Saulius Valatka Sat, 26 May 2018 14:40:46 -0700

Hi Ewen

thanks for the response, I totally agree that this KIP touches upon
multiple rather orthogonal issues, I had a hard time deciding on the name
and scope for it :)
Let me sum up the biggest pain points that we're facing with distributed
mode:


* By far the biggest issue we have is the lack of physical connector
isolation. Since all of them live in the same JVM process we've run into
issues multiple times where misbehaving connectors can either crash the
whole process or simply over-utilize cpu/memory and effectively deprive
others of resources. This is the main reason why we stopped using
distributed mode in production and switched to running each connector in
standalone mode per container. Currently we're running a patched version
Connect where standalone mode can store offsets in a Kafka topic (as
currently proposed in the KIP). I don't really see how this could be
easily addressed within the existing framework and given that increasingly
more users have access to mesos/k8s it would seem natural to isolate at
this level rather than solve this within Connect.

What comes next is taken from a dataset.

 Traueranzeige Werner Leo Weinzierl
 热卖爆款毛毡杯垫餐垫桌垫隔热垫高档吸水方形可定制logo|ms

* Stop-the-world rebalancing when deploying connectors is
a-very-close-second-biggest issue we had with distributed mode. True, you
could solve this by improving the rebalancing algorithm, but just having
isolated Connect frameworks with single connectors inside sounds much safer
(bugs do happen) and easier to implement.

* The next biggest problem is the deployment workflow, which can be split
into two major issues: deploying via REST and various JAR upgrades
(connectors/converters/transforms). Again, true, you can introduce some
kind of JAR dynamic-reloading mechanism which no longer requires a global
cluster restart, but still requires some ad-hoc deployment procedure (e.g.
how would I coordinate JAR updates with configuration updates?). Once
again, all of this is trivially solved just by running statically
configured connectors-per-container: just rebuild the image with updated
jars and redeploy it to mesos/k8s.

* The separate configuration per connector issues were not that painful,
but nice to get rid of: mainly the lack of ability to use different
credentials per connector. Sure, these are being gradually addressed by
various KIPs, but by running separate Connect instances per connector we
get full control out of the box.

As for now, we are perfectly happy with running each connector in a
separate container in standalone mode, the only required modification to
Connect is the ability to store offsets in a Kafka topic. The REST API
becomes useless in this scenario, it can of course be disabled at the
container/k8s level or ignored, but nevertheless I've included a proposal
to make it read-only (or disable it) in the KIP for completeness.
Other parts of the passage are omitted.